Initially Ninja had used backslashes for line continuations, but doing so takes backslashes out of the source language, which makes it impossible to express Windows paths. After much delibaration I hit upon the simple solution of making $ followed by a newline into a line continuation, which means backslashes are no longer magic. (The syntax is all generated by code anyway so adjusting my builds to adopt this was a one-line change in a a Python script.)

Make. Ninja parses Makefiles as generated by gcc. I attempted to discover what the quoting rules are for Makefiles, but could only find scattered references in the documentation. I summarized them in a comment; I was especially amused by how nearly impossible it is to express a line that ends in a backslash.

The web. Half the security problems you see (SQL injection, XSS) on the internet can be interpreted as a language-mixing problem. I won't even go into it, but instead link to one of the many fine blog posts on how type systems can help.

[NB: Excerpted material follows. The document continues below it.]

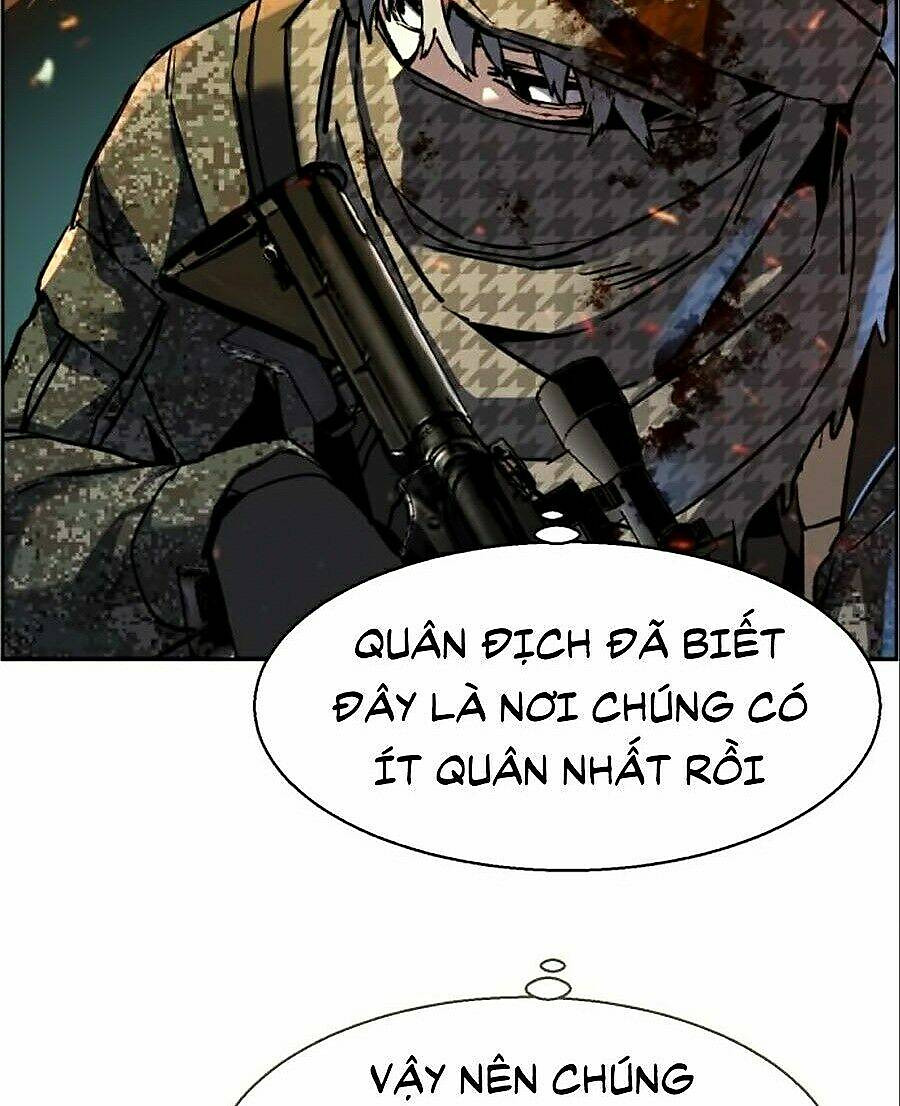 bạn học tôi là lính đánh thuê chapter 33 48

mbox files. The mbox format represented a collection of email messages concatenating them together, each with a line starting with "From". But wait, what if the messages themselves contain such a line? And here the approaches diverged; some attempted to escape such a line by inserting a character, like ">From", neglecting the fact that this now made it impossible to represent a line with that literal text in the new format. The result: "mbox" is a family of several mutually incompatible mailbox formats.

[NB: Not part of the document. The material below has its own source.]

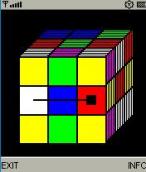 Cubesimu - Rubik's cube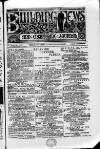 Building News Friday 23 November 1883 Page 1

The popular "mailman" software suite used to manage mailing lists includes a generated archive (see webkit-dev, for example). In principle it provides downloadable archives, but unfortunately in practice it gets the mbox rules wrong and produces a file that is impossible to parse without making heuristic guesses as to the boundaries of messages.

Conclusion. Is there a lesson here? I'm not sure. All software is full of bugs, here are some more.

I think this kind of nitpicky detail is just the sort of thing that type systems are especially good at getting right, but they only help if you're careful to use a new type at each language boundary: "ok, this string is the content of the mail message, and now we transform that into the mbox language..."

Maybe the mental model I use, of always associating a given string with a given language will help you keep things straight, like the implicit numeric base we use with numbers: "123" implicitly means "123 in base 10". The next time you have a user's name and want to print it, hopefully you'll think "I need to convert that from base unicode into base bytestring suitable for stdout."

With that framework in mind, spot the security bug: QuickTime, when it wanted to open a URL referenced in the movie file, opened it by running the equivalent of system("browser.exe " + url). (For extra credit, why is this a problem even if you get all the escaping right and the browser really received the intended string as a command line argument?)